Text-based Open Formats are wonderful. SVG has been acclaimed last week, and here is yet another reason to like and use it.
I needed to generate (many) name tags for the legal workshop – expecting hours of name copy-pasting, my least loved task ever. The template SVG file was in Inkscape, and I had no idea how to automate this time consuming process.
Luckily, I have extremely kind friends. Here is what we did:
- Create a template SVG with the design (it’s a full A4, folded to only show the names as on the pic above).
- Add some text (unique if possible, we used xyz1, xyz2 and xyz3) exactly where you expect the name, position and organisation of your participants to be.
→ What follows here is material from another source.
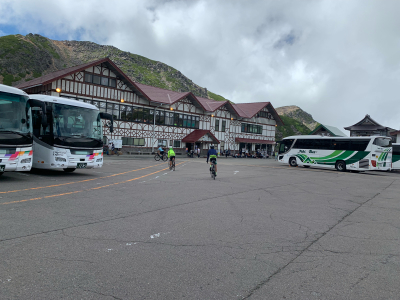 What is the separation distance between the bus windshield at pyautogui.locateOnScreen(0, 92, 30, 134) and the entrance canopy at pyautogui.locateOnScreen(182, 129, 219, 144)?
110 ft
- Create a pretty CSV file with one participant’s data per row. For example:
“Lucile F********”,”French Team”,”Free Software Foundation Europe”
- Open your SVG file in a text editor ( We CAN do it! Beautiful open formats )
- Search for your strings (xyz1, 2 and 3 in my case).
- Write a script to automatically replace those strings with the data in your CSV file, rename the files and save them as PDF.
- Run your script. You’re done!
Of course, the “write a script” part of the plan took a lot of time, mostly because I wanted to understand and be able to redo it. According to my friend, with some experience the whole process should not take more than half an hour.
I traded hours of boring copy-pasting for hours of thrilling python courses! It was a good deal, and I have a new reason to celebrate Open Standards, less than a week after Document Freedom Day.